--- Task instructions ---
Without any pictures, the records below should be reproduced exactly.

_ _ _

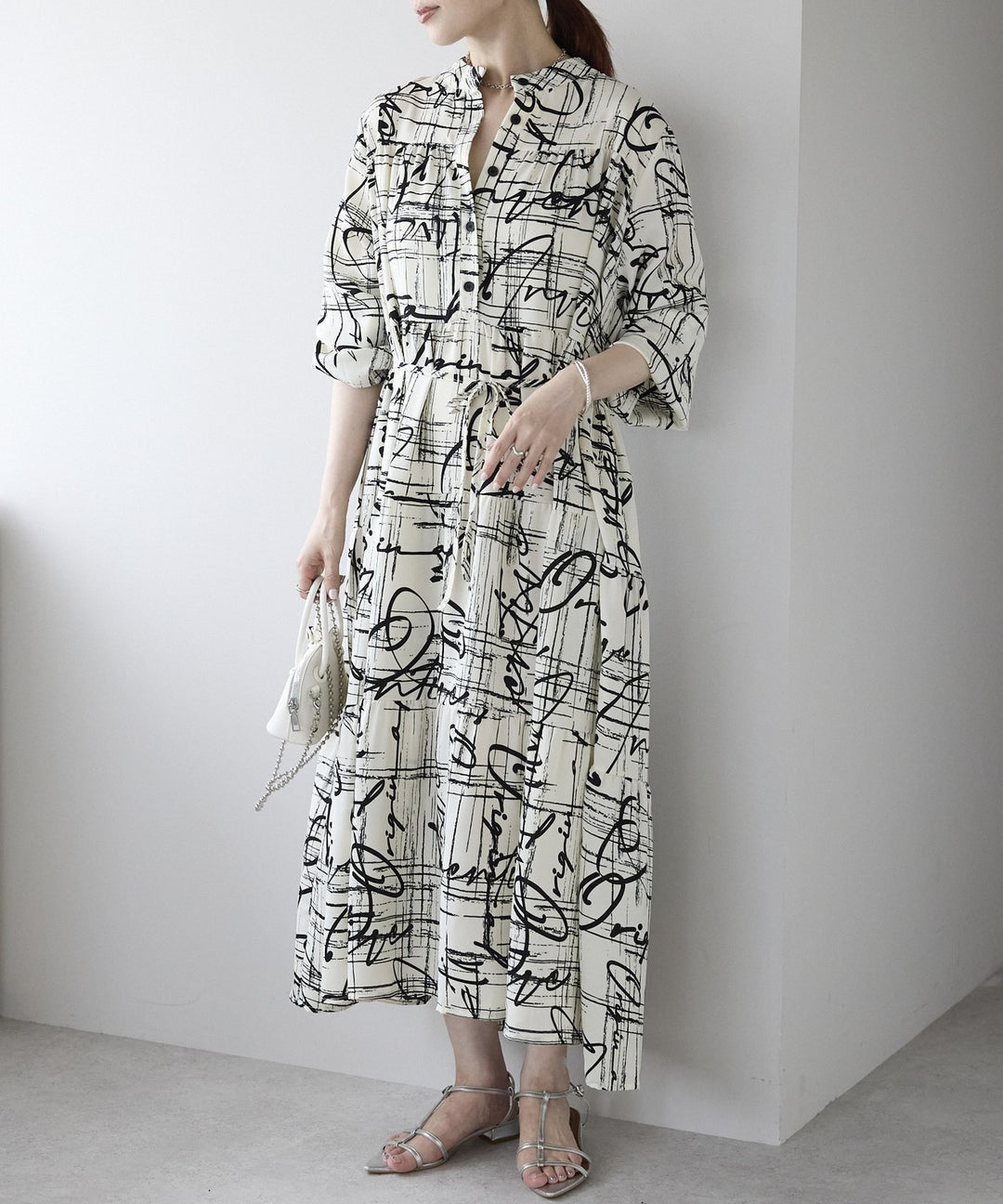 総柄ロングシャツワンピース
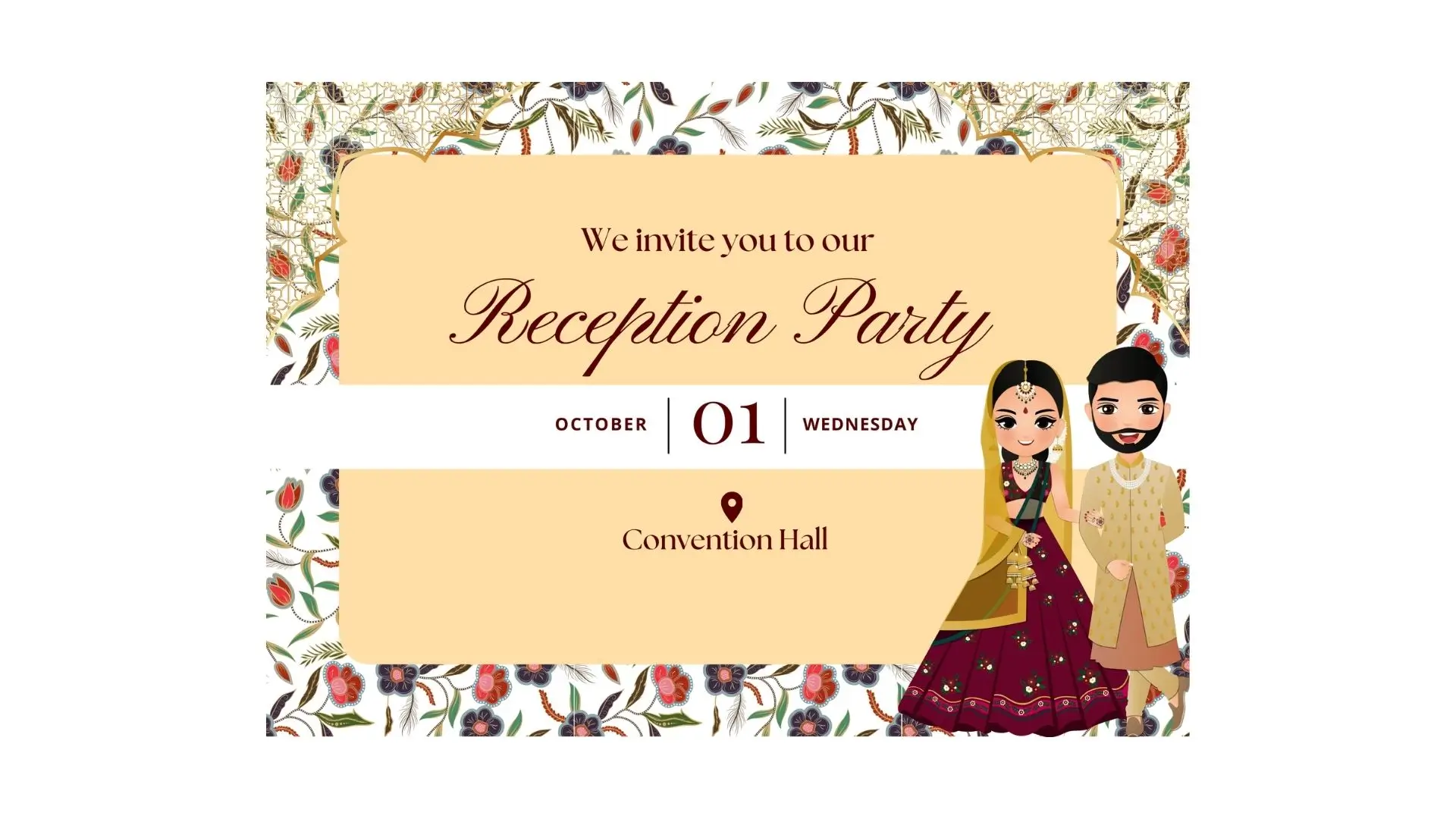 Elegant wedding reception card featuring floral designs and space for guest details and RSVP information.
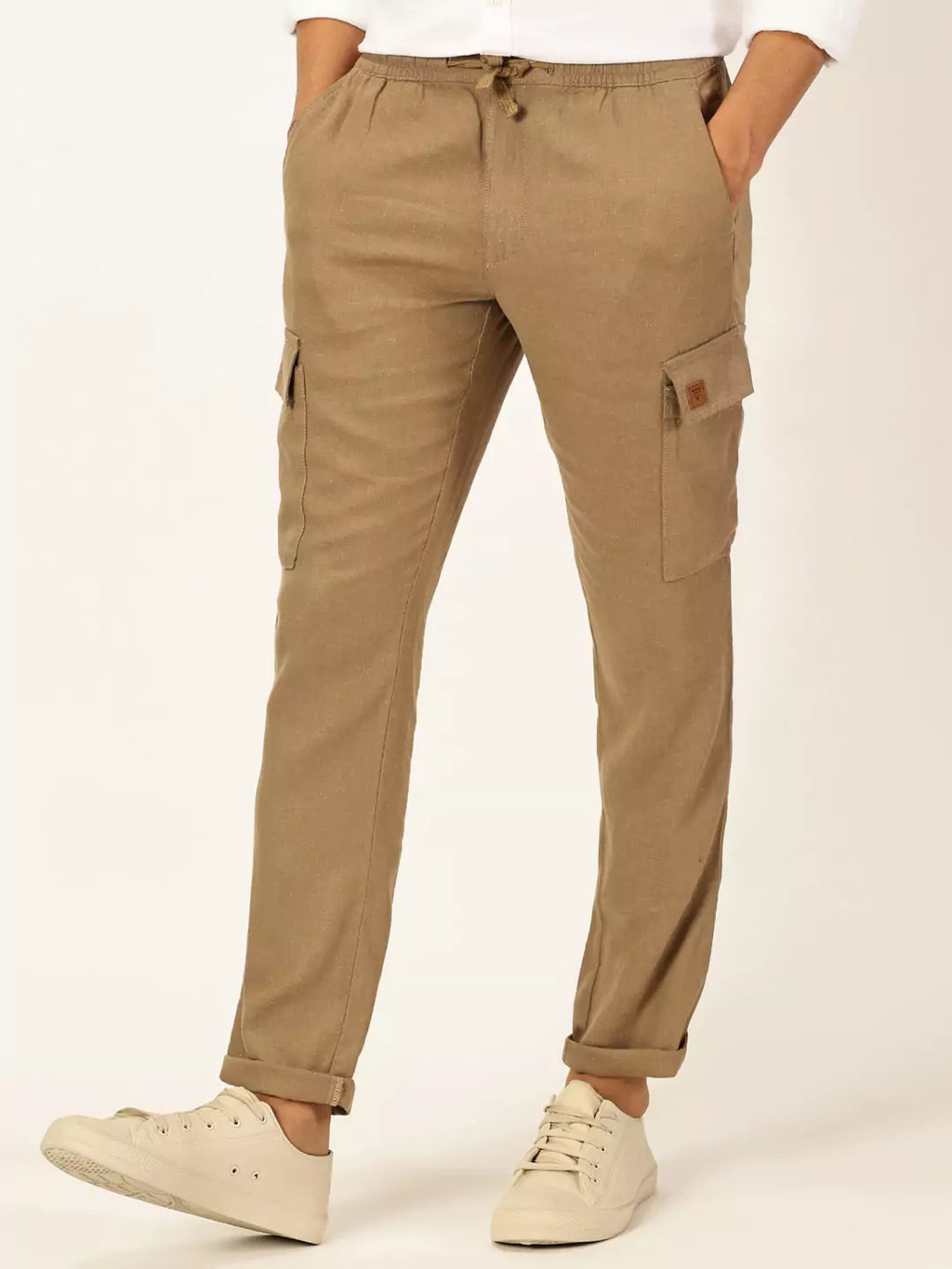 Thomas Scott Men Khaki Mid-Rise Straight Fit Cotton Linen Woven Cargos Trouser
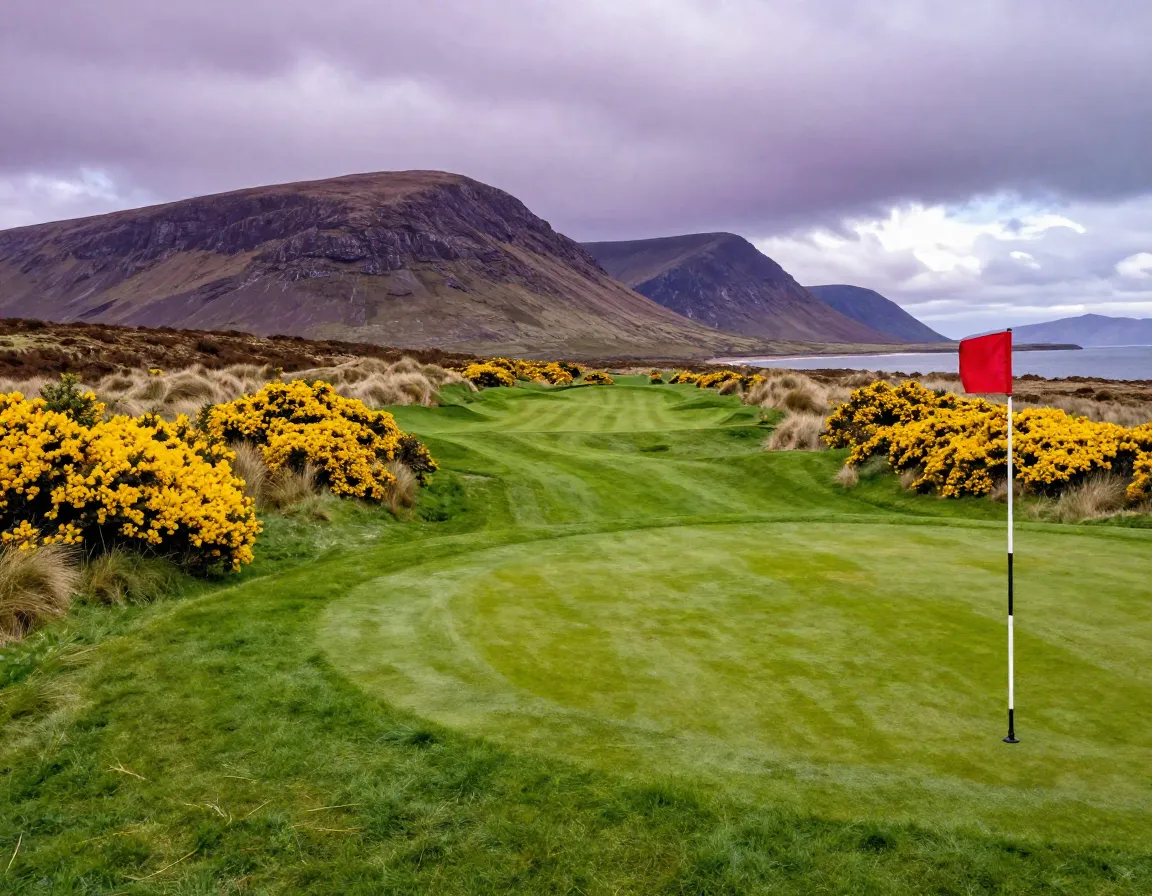 Royal county down fairway mourne mountains yellow gorse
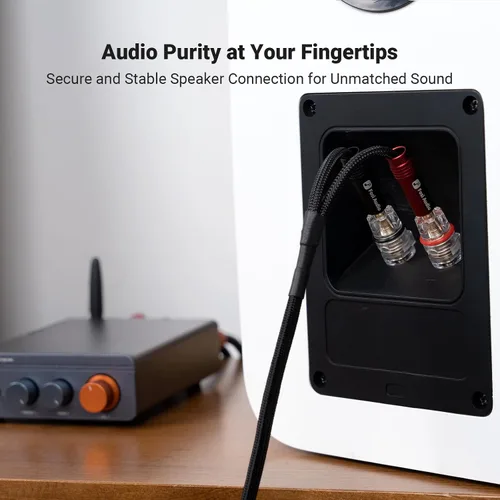 Miniatura 5 de Fosi Audio Cable de altavoz trenzado de 14 AWG de 0.9 pies, paquete de 1 par de cables con 4 enchufes tipo banana chapados en oro, cables negros
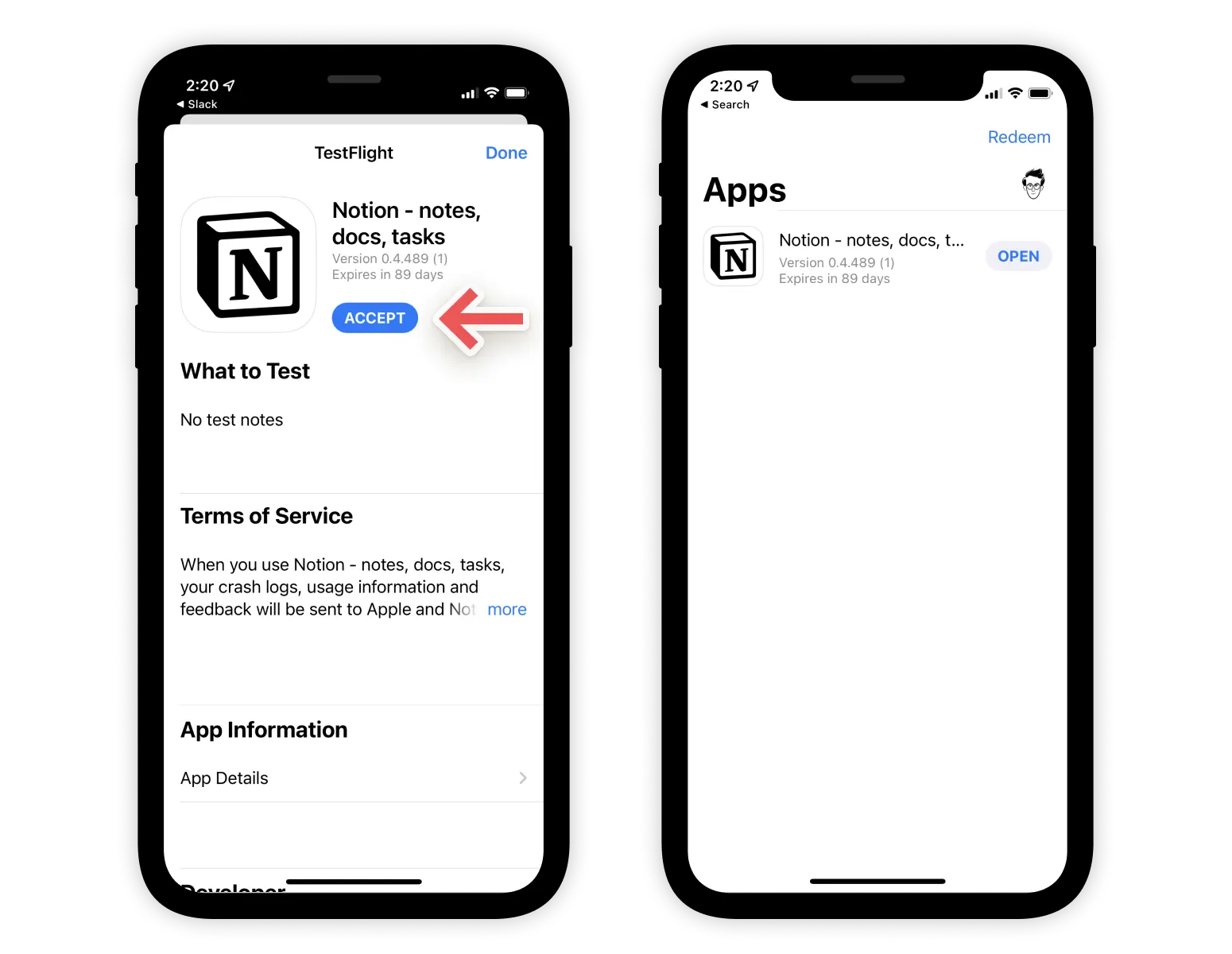 Capturas de tela que mostram como usar o TestFlight para se cadastrar no programa beta de teste do Notion para iOS.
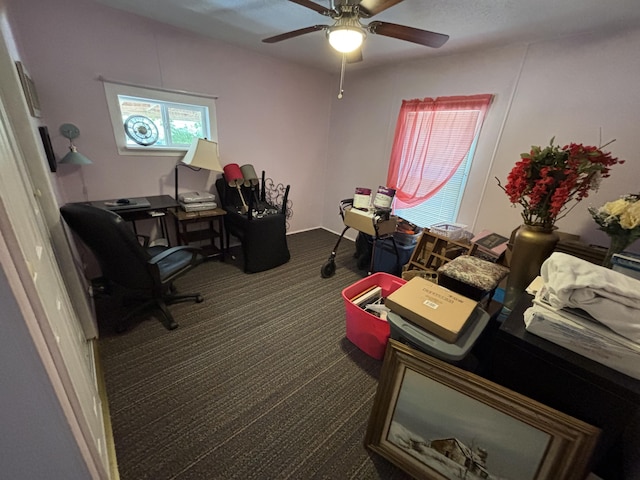 10604 Adams St, Ossineke, MI 49766 - home office featuring carpet floors and a ceiling fan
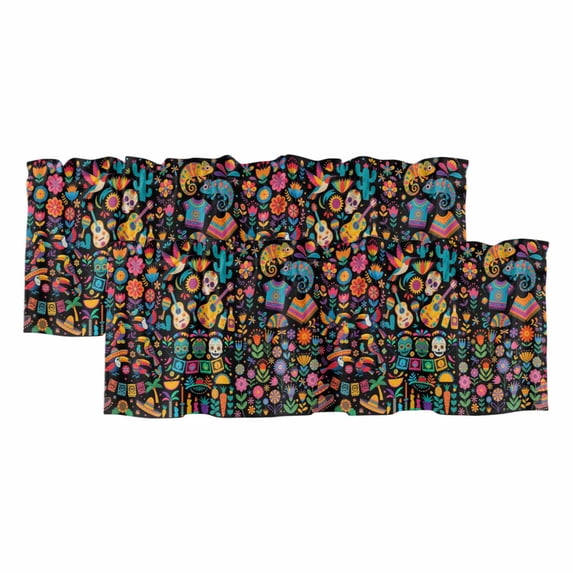 Colorful Cartoon Valances for Windows, Funny Flowers Guitar Animals Ethnic Art Light Filtering Kitchen Curtains, Rod Pocket Window Valance Curtains for Living Room Bedroom, 42" W x 12" L, 2 Panels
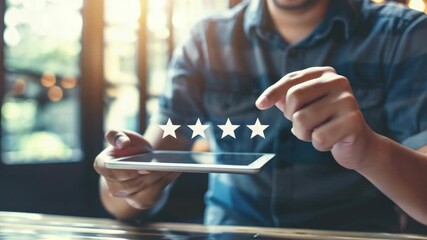 A man rating a meal on a tablet.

_ _ _

--- Answer for this exercise ---
 総柄ロングシャツワンピース
 Elegant wedding reception card featuring floral designs and space for guest details and RSVP information.
 Thomas Scott Men Khaki Mid-Rise Straight Fit Cotton Linen Woven Cargos Trouser
 Royal county down fairway mourne mountains yellow gorse
 Miniatura 5 de Fosi Audio Cable de altavoz trenzado de 14 AWG de 0.9 pies, paquete de 1 par de cables con 4 enchufes tipo banana chapados en oro, cables negros
 Capturas de tela que mostram como usar o TestFlight para se cadastrar no programa beta de teste do Notion para iOS.
 10604 Adams St, Ossineke, MI 49766 - home office featuring carpet floors and a ceiling fan
 Colorful Cartoon Valances for Windows, Funny Flowers Guitar Animals Ethnic Art Light Filtering Kitchen Curtains, Rod Pocket Window Valance Curtains for Living Room Bedroom, 42" W x 12" L, 2 Panels
 A man rating a meal on a tablet.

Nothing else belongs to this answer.